I’m Getting this Parenting Thing Figured Out – Sort Of


 

 

It snowed about five inches last night and more is coming down!  I’m barely awake and my son has just reminded me at least four times that he wants a Teck Deck skateboard.  “ONLY three dollars” and even tho he did not earn his allowance last week he still wants one.  We already “settled” this last night, but he’s bound to wear me down and he knows it.  Three minutes later — just to clarify — he says he still wants one. 
I’m a little slow on the draw in the morning anyway, but what I’m really thinking is I don’t want to clear the snow from my car.  Oh, and, once again, he says “I really want a Teck Deck.”  

Finally I connect the dots:  The boy wants to go to the store: he can clean off the car!  I respond, “Ok, if you clear the car I’ll give you $5.”  “How about $6?  Then I can get TWO Teck Decks.” This boy is going to be a millionnaire some day.

Later at the store there is the usual brotherly banter as I shepherd my two sons down the aisles of Target.  “You moron!  Stop whistling!”  Whack!  “Stop that!”  “No YOU’re a moron!”  I stop in my tracks, pull them both close to me and say “Look, if you’re going to make a scene, let’s make it a big one, ok?  Now, you are both on thin ice.  No more fighting and name calling or we walk right out of here.  I am not obligated to spend my money on you guys when you misbehave.” 

Before I go on, let me tell you that we are famous at Target.  One day about five years ago I carried my younger son out under my arm kicking and flailing and yelling at me — and for the life of me I don’t remember what he had done but it really ticked me off and I had to get him out of there before the video tape ended up on the Today Show and I had the pleasure of watching it from my jail cell.  My husband had a similar incident in Target with this very same child.  I am just paranoid enough to imagine when we go in the door of Target some sensor goes off and the guys watching in security say “Hey — it’s THOSE KIDS again.  Keep your eye on them.  The phone number to social services is on the wall in case you need it!”

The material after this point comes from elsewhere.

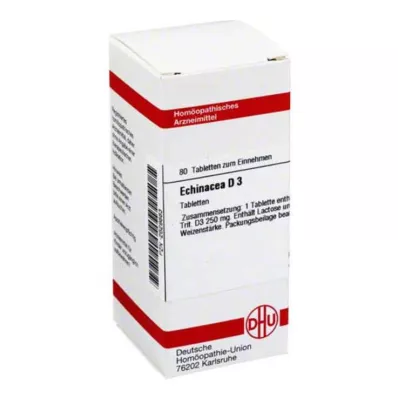 ECHINACEA HAB D 3 tabletės, 80 kapsulių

So my little talk about consequences had its usual effect.  That is to say, none whatsoever.  I think we got about one more yard before it started again.  But we were at the toy section now so they split up to find what they came for.   Grateful for a little relief I tried to help my younger son find his Teck Deck skate board toy.  Little finger sized toy skate boards.  I had no idea this has become such a big deal in the world of middle school boys.  Apparently also middle school girls based on the pink designs painted on some models.   Of course my son is looking for a very specific design, one with extra wheels and miniature screw drivers.   The child is short for his age so he needs me to check the upper display for the coolest one.  He wants it in the single pack, not the double pack.  Of course they are all out.  Only the more expensive double pack has his favorite design.

He has a dollar limit based on the chores he did. I know he’s going to push the limit and it doesn’t take long.  “If I get this one and this one, it’s only another dollar.”   Big puppy dog eyes plead with me to relent.  Then he pulls out his trump card.  “Daddy always lets us go over the limit.”

About now his brother comes into the aisle and bumps into him and starts telling him which ones to pick.  He elbows him in the ribs and tells him to shut up.  So I quickly move in for the ultimatum.  “If you say ONE MORE THING to your brother that is inappropriate, you will lose the extra Teck Deck.”  

We all reach an agreement about how much over the limit I’m willing to go.  Within  maybe 2 minutes as we’re exiting the toy section I hear “Because YOU make MY life miserable – WHACK.”   I stop and give him the evil eye.  “Ok,” I say, “There goes the second Teck Deck.”  “NO!”  “Yes, and if you insist on taking it to the checkout, good luck getting it paid for.”  Grumbling all the way he finally says “I didn’t know you’d HEAR me!”   The checkout lady smiles at me and we hand her the one extra toy to take back.  She says, “Good for you.  Most parents just give in.”   We share a knowing glance, sisters in parenting.  

Surprisingly, there is no further pouting or whining and everyone is happy to have what they got.   I think it was a win-win for us today.  Breaking even is pretty rare in my average day as a parent.   Maybe I’ll get this figured out before they’re out of high school.